- **Exercise prompt**
An exact reproduction of the records is required, with all pictures omitted.

Saved data entries:
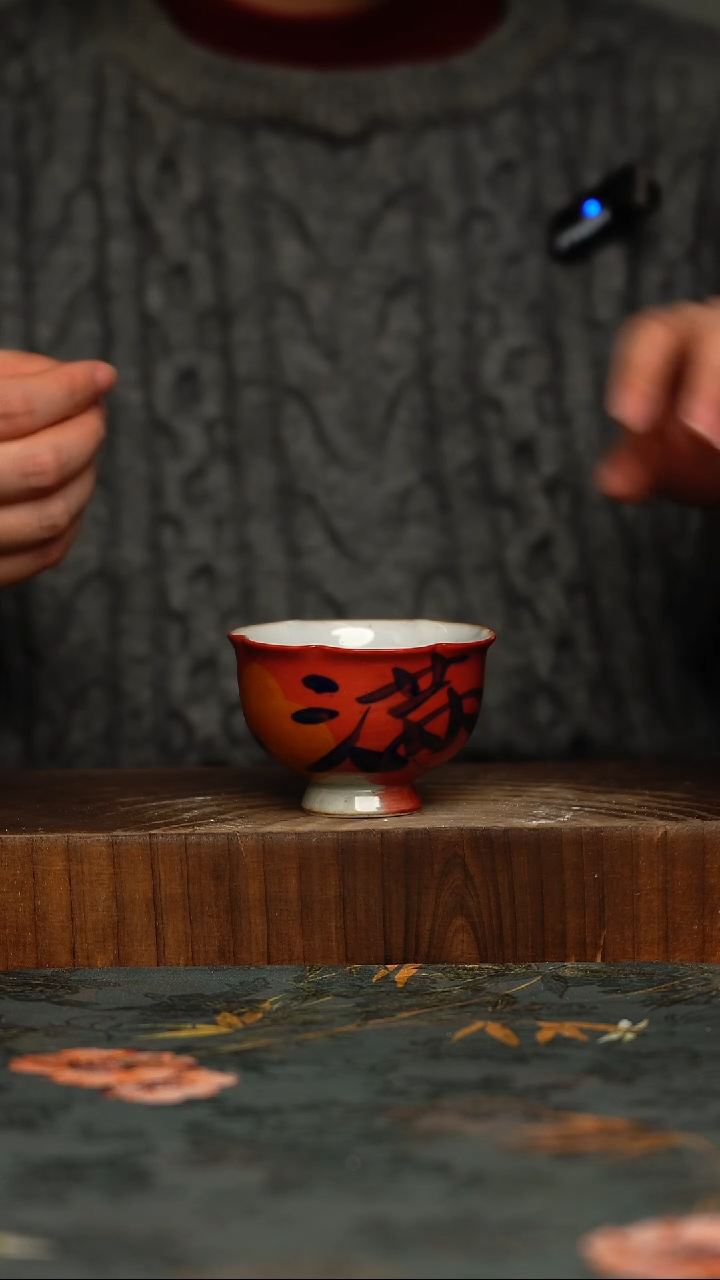 瓷片釉下彩手工手绘同款陶器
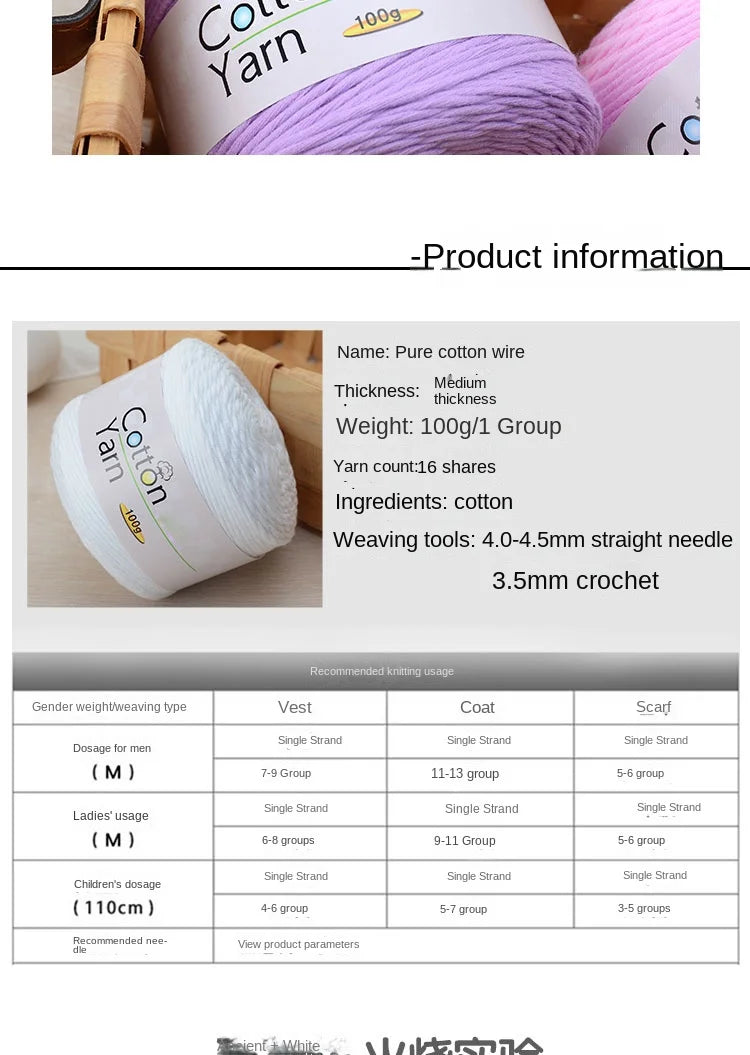 100g 100% Cotton Hand Knitting Yarn – Soft Crochet Thread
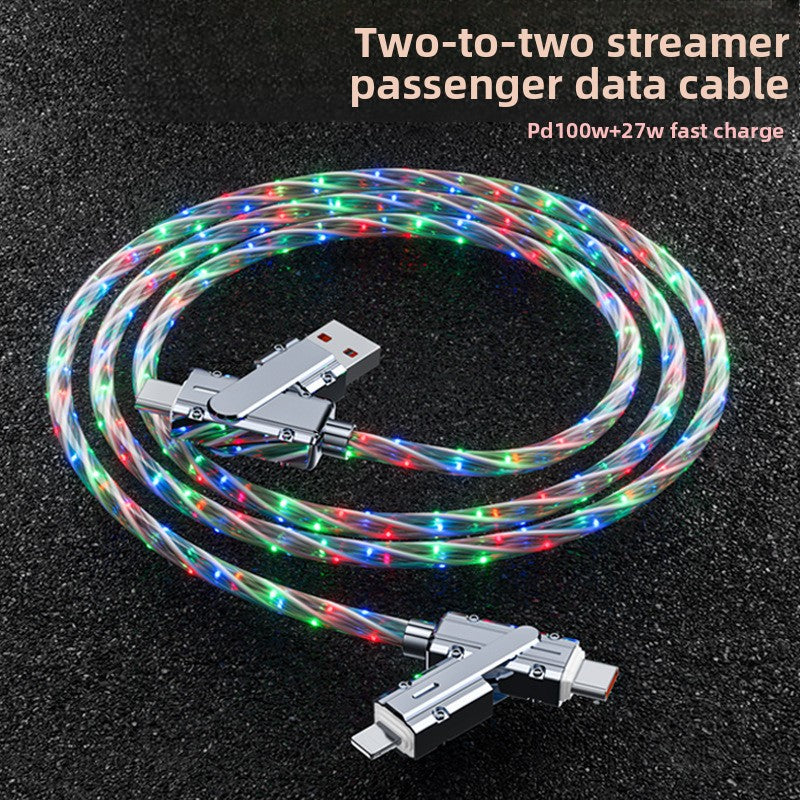 Luminous gradient zinc alloy four-in-one multi-functional charging cable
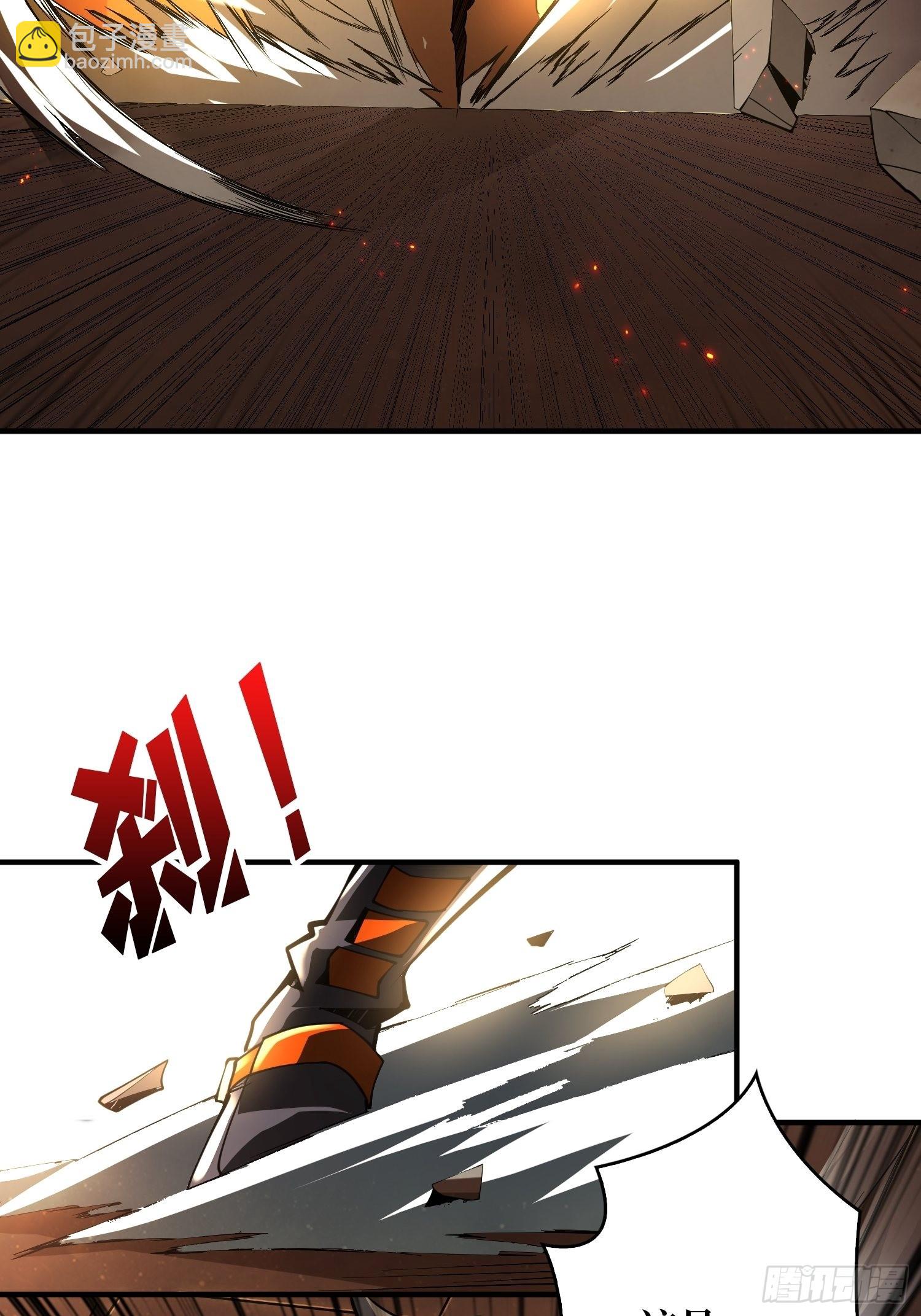 《开局就有王者号》家破人亡？ 第7页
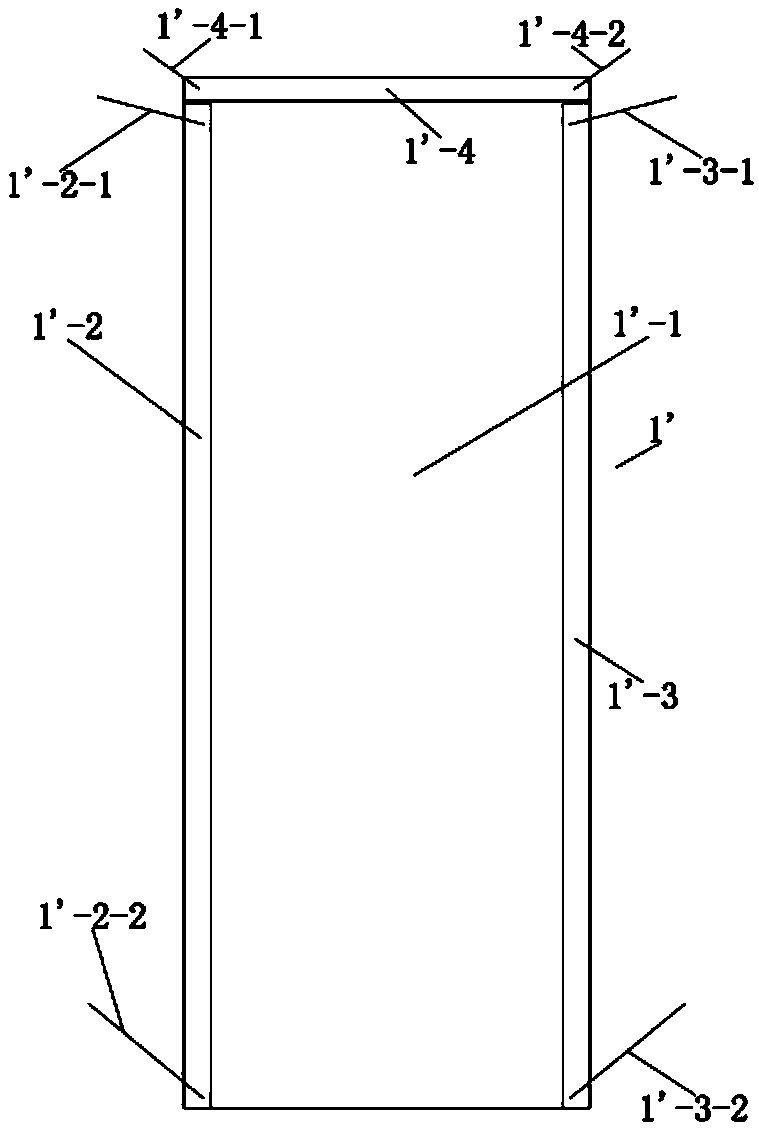 Hot melt sleeve and production tool, production method, storage and transport method and construction method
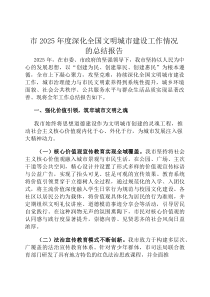 市2026年度深化全国文明城市建设工作情况的总结报告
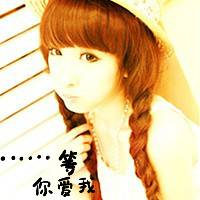 好看的带字非主流头像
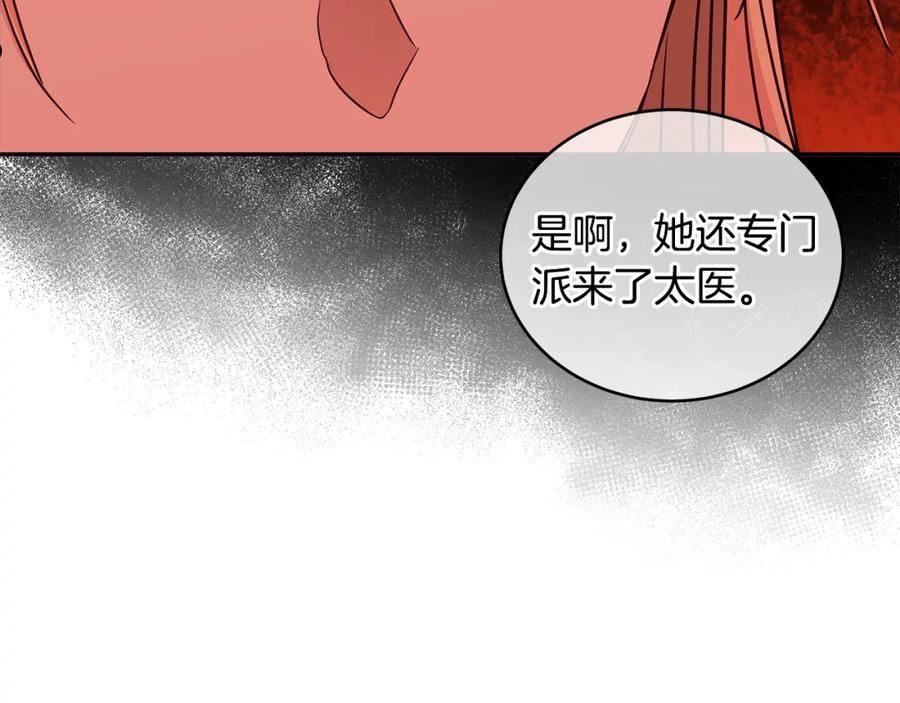 爱妃，你的刀掉了漫画,第118话 兰欣怀孕？！98图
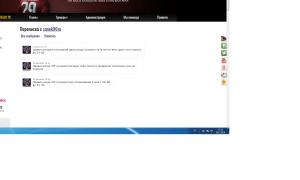  �������� 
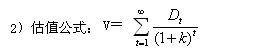 2015年初級審計師《審計專業(yè)相關(guān)知識》復習：股票投資決策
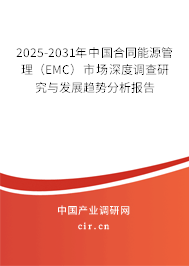 2025-2031年中國合同能源管理（EMC）市場深度調(diào)查研究與發(fā)展趨勢分析報告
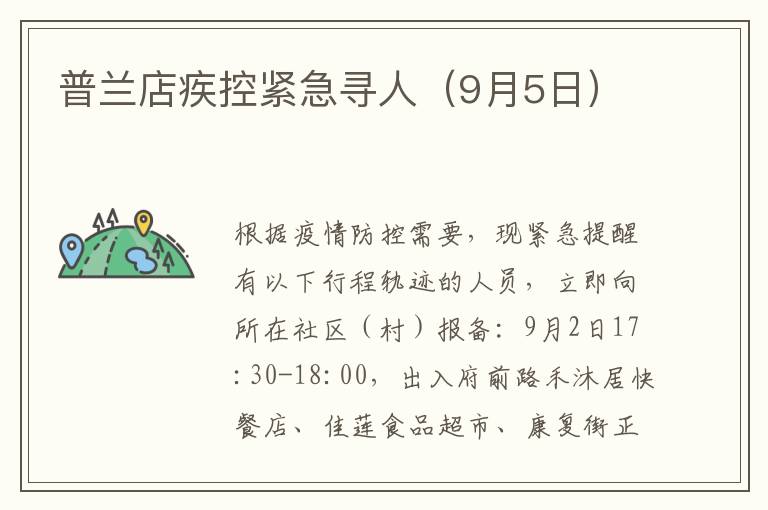 普兰店疾控紧急寻人（9月5日）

- **The answer**
 瓷片釉下彩手工手绘同款陶器
 100g 100% Cotton Hand Knitting Yarn – Soft Crochet Thread
 Luminous gradient zinc alloy four-in-one multi-functional charging cable
 《开局就有王者号》家破人亡？ 第7页
 Hot melt sleeve and production tool, production method, storage and transport method and construction method
 市2026年度深化全国文明城市建设工作情况的总结报告
 好看的带字非主流头像
 爱妃，你的刀掉了漫画,第118话 兰欣怀孕？！98图
  �������� 
 2015年初級審計師《審計專業(yè)相關(guān)知識》復習：股票投資決策
 2025-2031年中國合同能源管理（EMC）市場深度調(diào)查研究與發(fā)展趨勢分析報告
 普兰店疾控紧急寻人（9月5日）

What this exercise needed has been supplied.